En quoi la microscopie à fluorescence diffère de la microscopie confocale laser
Microscope à fluorescence
1, le microscope à fluorescence consiste à utiliser la lumière ultraviolette comme source de lumière, utilisée pour irradier l'objet à examiner, afin qu'il émette de la fluorescence, puis à observer la forme de l'objet et son emplacement au microscope. Le microscope à fluorescence est utilisé pour étudier l'absorption, le transport, la distribution et la localisation de substances chimiques dans les cellules. Certaines substances présentes dans la cellule, comme la chlorophylle, peuvent devenir fluorescentes après irradiation par la lumière ultraviolette ; certaines substances ne peuvent pas émettre de fluorescence par elles-mêmes, mais si elles sont colorées avec des colorants fluorescents ou des anticorps fluorescents, elles peuvent également émettre une fluorescence après irradiation par la lumière ultraviolette, et la microscopie à fluorescence est l'un des outils de recherche qualitative et quantitative sur ce type de substances.
2, principe du microscope à fluorescence :
(A) source de lumière : la source de lumière émet différentes longueurs d’onde de lumière (de l’ultraviolet à l’infrarouge).
(B) source de filtre d'excitation : à travers l'échantillon peut produire une fluorescence d'une longueur d'onde spécifique de lumière, tout en bloquant l'excitation de la lumière inutile de fluorescence.
(C) Échantillon fluorescent : généralement coloré avec un fluorochrome.
(D) Filtres bloquants : bloquent la lumière d'excitation qui n'est pas absorbée par l'échantillon pour transmettre sélectivement la fluorescence, et certaines longueurs d'onde de la fluorescence sont également transmises sélectivement. Un microscope qui utilise la lumière ultraviolette comme source de lumière pour rendre l'objet irradié fluorescent. Le microscope électronique a été assemblé pour la première fois en 1931 à Berlin, en Allemagne, par Knorr et Haroska. Ce microscope utilise un faisceau d'électrons à grande vitesse au lieu d'un faisceau lumineux. Parce que la longueur d'onde du flux électronique est beaucoup plus courte que l'onde lumineuse, le grossissement du microscope électronique peut atteindre 800,000 fois, la résolution de la limite minimale de 0,2 nanomètres. . En 1963, on a commencé à utiliser le microscope électronique à balayage pour voir la surface de la minuscule structure de l'objet.

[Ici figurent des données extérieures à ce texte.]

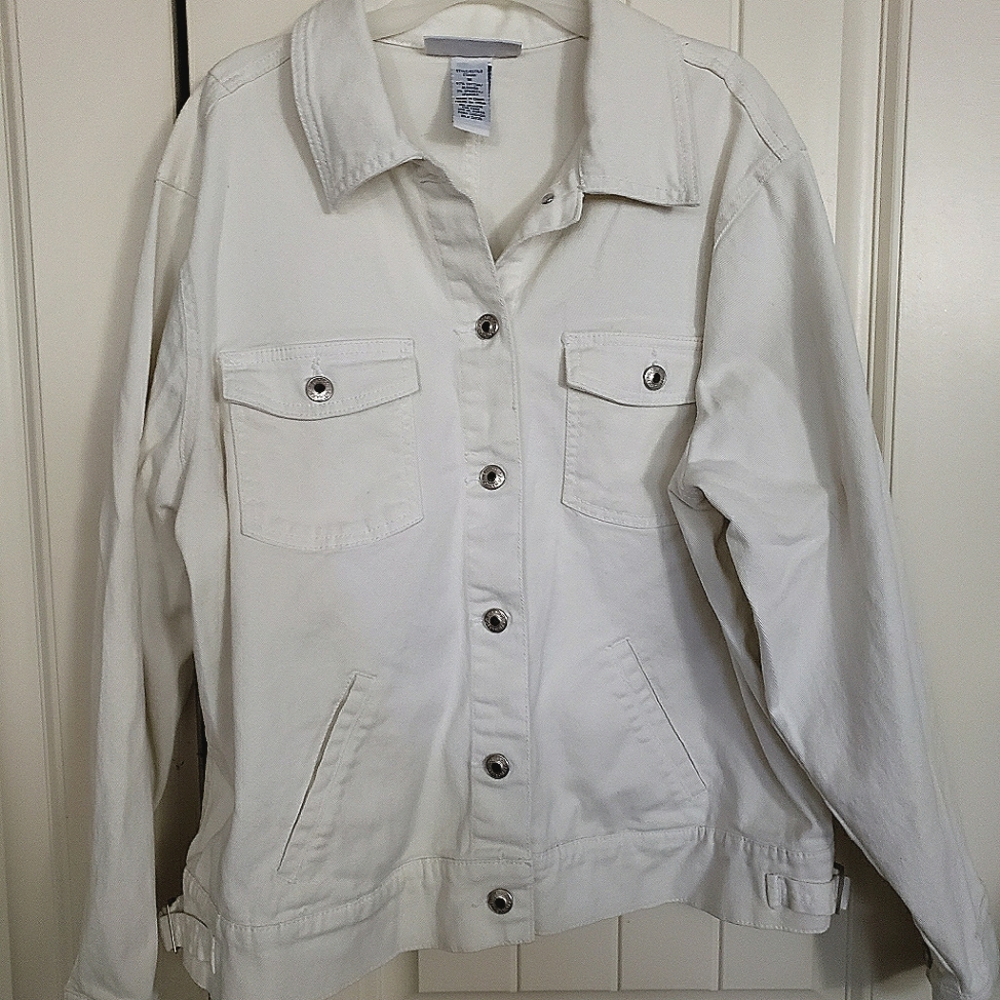 Vintage White Denim Jacket Sag Harbor 1X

3, le champ d'application : utilisé pour agrandir l'image de petits objets. Généralement utilisé en biologie, médecine, particules microscopiques et autres observations.
Microscope confocal
1, microscope confocal dans la lumière réfléchie sur la route plus une demi-lentille mi-réfléchissante, aura traversé la lentille de la lumière réfléchie pliée dans d'autres directions, dans sa mise au point sur un déflecteur avec un sténopé, le trou est situé dans le foyer, derrière le déflecteur se trouve un tube photomultiplicateur. On peut imaginer que la lumière réfléchie avant et après le point focal de la lumière du détecteur à travers cet ensemble de système confocal, ne pourra pas se concentrer sur le petit trou, sera bloquée par le déflecteur. Le photomètre mesure donc l'intensité de la lumière réfléchie au point focal.

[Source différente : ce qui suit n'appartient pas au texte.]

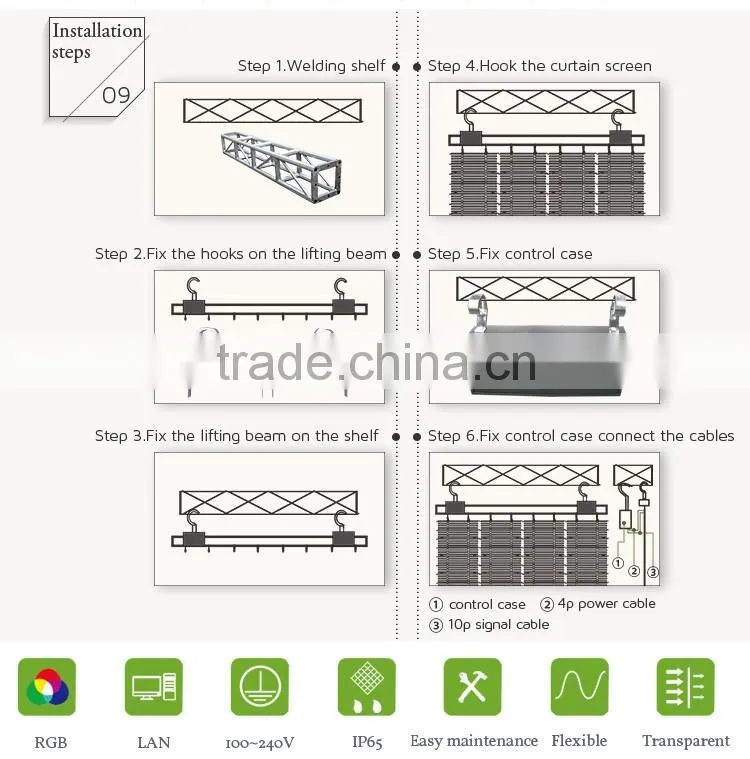 Outdoor led advertising display screen cheap price/flexible led screen for stage back light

2, principe : le microscope optique traditionnel utilise une source de lumière de champ, l'image de chaque point de l'échantillon sera perturbée par la diffraction ou la diffusion de la lumière des points voisins ; Le microscope confocal à balayage laser utilise un faisceau laser à travers le trou d'épingle éclairant pour former une source ponctuelle de lumière sur l'échantillon dans le plan focal du balayage de chaque point de l'échantillon, l'échantillon est irradié, lors de la détection du trou d'épingle lors de l'imagerie. , par la détection du sténopé après le tube photomultiplicateur (PMT) ou le dispositif d'électrocouplage à froid (cCCD) point par point ou point par point ou point par point, l'intensité lumineuse est mesurée par un photomètre. cCCD) reçoit point par point ou ligne par ligne et forme rapidement une image fluorescente sur l'écran de l'ordinateur. Le sténopé d'éclairage et le sténopé de détection par rapport au plan focal de l'objectif sont conjugués, le point sur le plan focal se concentrant en même temps sur le sténopé d'éclairage et le sténopé d'émission, le point en dehors du plan focal ne sera pas dans le sténopé de détection à l'imagerie, de sorte que l'image confocale soit le spécimen de la section efficace optique, surmontant les défauts des images floues des microscopes ordinaires.
3, domaines d'application : médecine, recherche animale et végétale, biochimie, bactériologie, biologie cellulaire, embryologie tissulaire, science alimentaire, génétique, pharmacologie, physiologie, optique, pathologie, botanique, neurosciences, biologie marine, science des matériaux, science électronique, mécanique, géologie pétrolière, minéralogie.